Hoje, depois de passar pelo Reino de Copas, não me vestirei de vermelho, e muito menos de branco. Estarei vestida em roupas negras.

É meu luto pelo potencial falecido dessa história

Ok, ok!!!! Calmaaaaa!! Não foi tão ruim assim. Estou sendo dramática. Era só pra começar a resenha de um jeito impactante, já com um spoiler da minha opinião kkkkkkk

sem coração
Capa do Livro Sem Coração (Foto Divulgação)

Peguei uma oferta  na Amazon recentemente e estou aproveitando o serviço do Kinlde Unlimited pelos próximos 3 meses. Graças a isso, pude ler um livro que há muito tempo estava de olho: Sem Coração, de Marisa Meyer, um romance baseado em Alice no País das Maravilhas, lançado em 2018 pela Rocco Jovens Leitores.

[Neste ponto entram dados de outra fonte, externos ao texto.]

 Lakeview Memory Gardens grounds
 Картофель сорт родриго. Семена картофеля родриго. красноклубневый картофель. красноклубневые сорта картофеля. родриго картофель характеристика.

Pela mesma editora, está disponível a versão brasileira da obra pela qual a autora se tornou conhecida dentro do segmento de literatura jovem: As Crônicas Lunares, lançadas entre 2013 e 2016. Uma releitura high-tech dos contos de Cinderela, Chapeuzinho Vermelho, Rapunzel e Branca de Neve. Dá pra perceber que a moça já é calejada nessa coisa de mexer com contos de fada, né?

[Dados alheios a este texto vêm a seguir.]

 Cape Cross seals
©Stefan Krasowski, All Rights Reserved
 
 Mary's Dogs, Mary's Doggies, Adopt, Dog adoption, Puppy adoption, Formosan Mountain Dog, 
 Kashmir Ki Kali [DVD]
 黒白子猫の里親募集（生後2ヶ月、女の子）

Pois bem. Nessa nova releitura, Marisa Meyer deixou para trás os ciborgues e as batalhas intergaláticas e apostou numa ambientação vitoriana. Em Sem Coração, acompanhamos Catherine (Cath, para os íntimos), filha única do Marquês e da Marquesa do Recanto da Pedra da Tartaruga, no Reino de Copas. Ainda que tenha crescido em meio a uma nobreza repleta de gente esnobe e sob as asas uma mãe controladora e bipolar, Cath conseguiu realizar a proeza de se tornar uma garota encantadora, com um dom particularmente aguçado na arte de produzir doces maravilhosos. Ela tem total consciência de que é a melhor confeiteira de Copas. O problema é que, aparentemente, cozinhar como uma criada não é um comportamento adequado para uma dama. Menos adequado ainda sendo ela a donzela que irá se casar com o Rei e se tornar a futura Rainha de Copas

Oi? Como é? Isso mesmo, coleguinha. Aquela Rainha de Copas que você está pensando. Isso aqui é uma história de Origem. Como nossa doce Cath vai chegar até aquele ponto? Essa é a sacada da história.

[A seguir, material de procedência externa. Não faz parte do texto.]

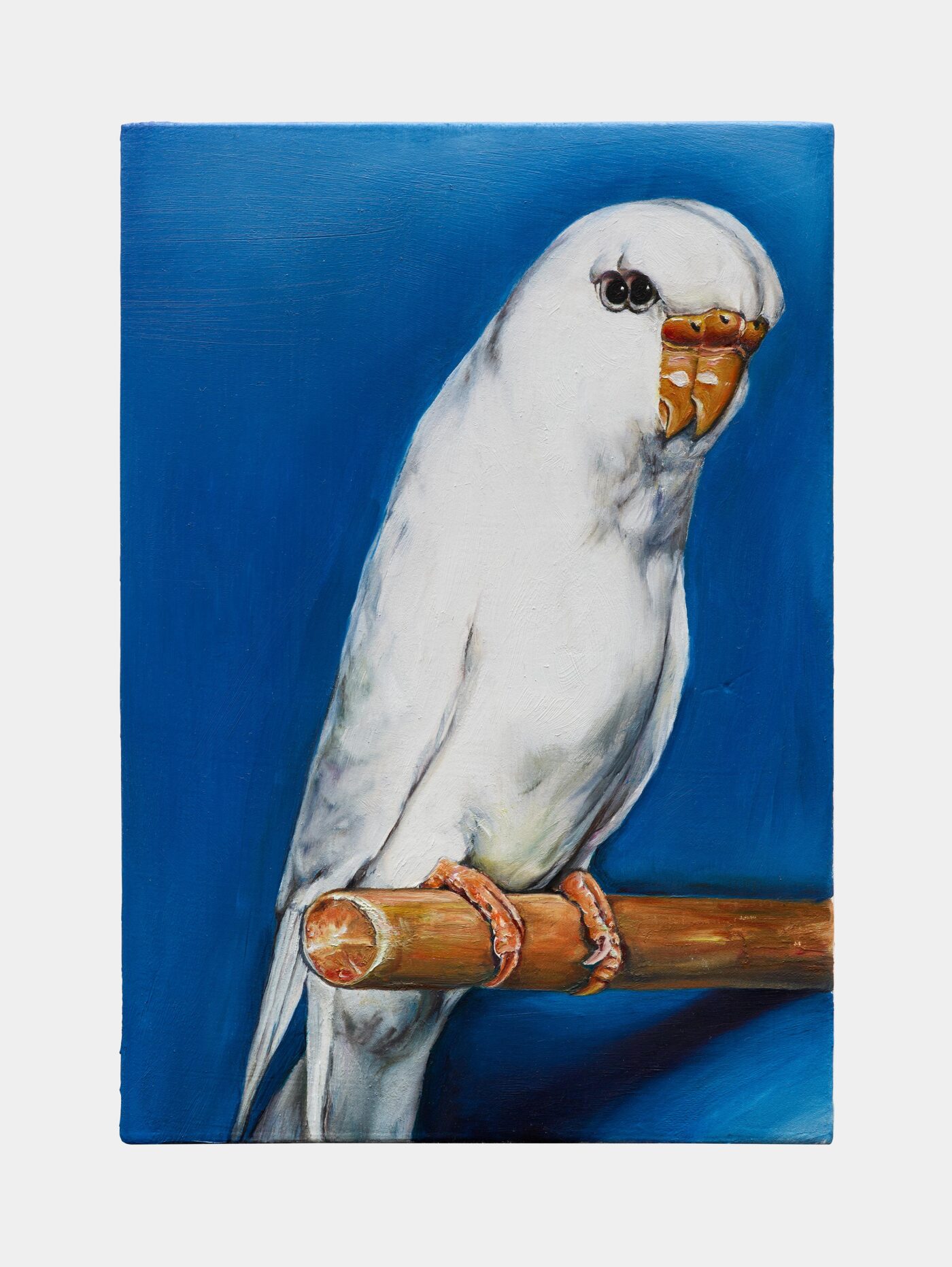 Galerie Lange + Pult – Léopold Rabus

Voltando então à sinopse: por mais que os sonhos de Cath estejam muito mais direcionados para uma vida simples como dona de uma confeitaria (e talvez trocando beijos com um certo Bobo da Corte misterioso e encantador chamado Jest, que parece sentir o mesmo por ela), como exatamente se faz para rejeitar o pedido de casamento de um Rei?

A história vai seguindo numa pegada bem linear, com praticamente zero cenas irrelevantes para o plot, o que, se tratando de um volume único, é um fator importantíssimo. Navegando por essas cenas, vemos Cath interagindo com a nobreza local, o Rei, e claro, Jest, o Bobo da Corte, também conhecido como Coringa. Não posso deixar de agradecer Marisa Meyer por ter deixado esse insta-love acontecer através de interações bastante envolventes. O momento em que ele aparece, cheio de charme e enigmas no baile do branco-e-preto, bem ao estilo “ladrão de cartola”, foi sensacional. Tenho um fraco por entradas triunfais. Outro elogio digno de nota é a forma como é utilizada a personalidade “açucarada” de Cath. Analogias com cheiros, gostos, e a própria apresentação de doces, são utilizadas inteligentemente para encaixar a personalidade da protagonista dentro do discurso do narrador, sem ficar repetitivo, nem forçado.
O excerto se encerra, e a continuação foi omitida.